In my case, ENTP, working in 5 different countries in my last 10 yr , I score very high in Ne (that's normal for ENTP) but my Se is at Ti levels when tested separatelly (I think when Si got killed in me i put Se). There is no Ne Se type i know...


----------



## shameless (Apr 21, 2014)

I think the types I have known to go explore the most are ExFPs. Tend to honor their desires even above being practical. I.e. Known several to go vacation yet end up homeless in same year. (My older sis is one of them). ExFPs have the greatest self indulgence mixed with wanderlust. Second is ExTPs however ExTPs seem to have a slight more practical side. We ExTPs still self indulge for sure, not usually at the price of things like shelter however. Seriously can think of 3 ExFPs who have gotten in major ruts indulging their desires to travel with no means. ExTPs have Ti/Fe which grounds us to our obligations at least a little bit.


----------



## Drecon (Jun 20, 2016)

Contrary to stereotypes, the two people I know that most like to explore the world are an ISFJ and an ISTJ...


----------



## Rydori (Aug 7, 2017)

Everyone is mentioning ENTP, but serious not XSFP?
Se experience life as the 'what is here and now', and tourism is essentially this,while Fi finds the inner joy of travelling in which the person can reflect on.


----------



## Aluminum Frost (Oct 1, 2017)

Se>Ne and feelers probably care more about culture and stuff like that so I would think it's something like ESFP>ESTP=ENFP>ENTP


----------



## atamagasuita (May 15, 2016)

E**P


----------



## ilovegoodcheese (Oct 28, 2017)

@Aluminum Frost and @Emulsions 

I agree that Se is something that factors a lot into this behaviour, but the idea here is that the very same MTBI orthogonality makes people with high Ne Se (that exist, me as example) be typed as Ne or Se but not both at the same time. Is probably one of the shortcomings of MTBI.
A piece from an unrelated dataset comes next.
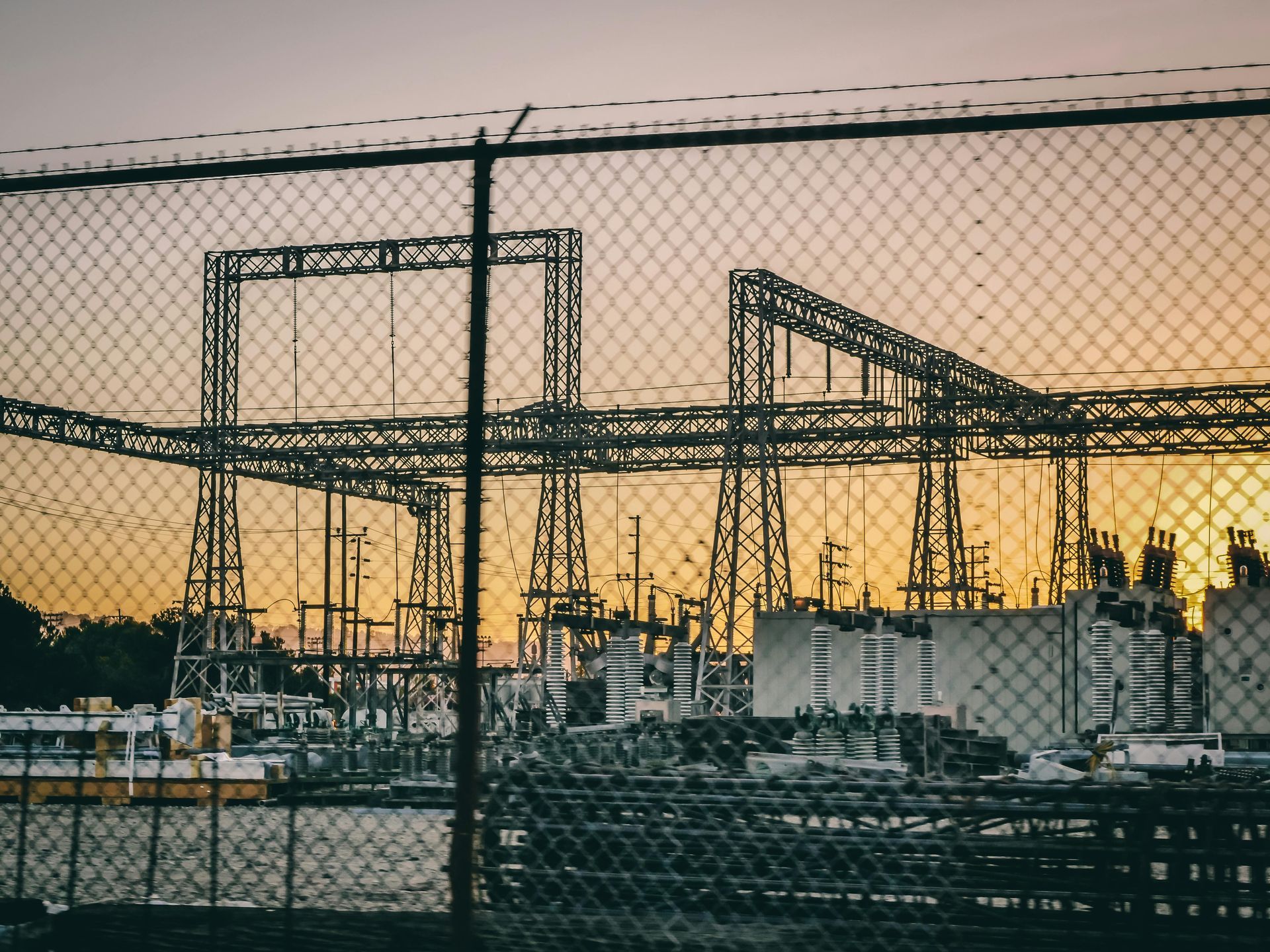 A chain link fence surrounds a power plant at sunset.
Second about F types (particulary ENFP); my experience is that ENFP "risk" more than ENTP when travelling, for example, I know some ENFPs travelling basically by hitchhiking and coachsurfing, meanwhile ENTPs are more prone to use their own vehicle and sleep in the same vehicle or in a tent. Of course both systems are good, but using own vehicle is more efficient in terms of distance and time than hitchhiking. Of course, if the objective is not reaching some place but meeting people, hitchhiking and coachsurfing is the way to go. 

Maybe this also makes ENFP more prone to travel alone and interacting with a lot of people in the field, meanwhile ENTP are more prone to not go solo, that adds security but hinders interaction in the field. I've the impression that F types have a more complete experience but it may turn "bad" eventually, so after some experiences they become more retracted, meanwhile T types repeat, maybe because "something" is missing in the experience. Makes sense? Is also for xSxx people?


----------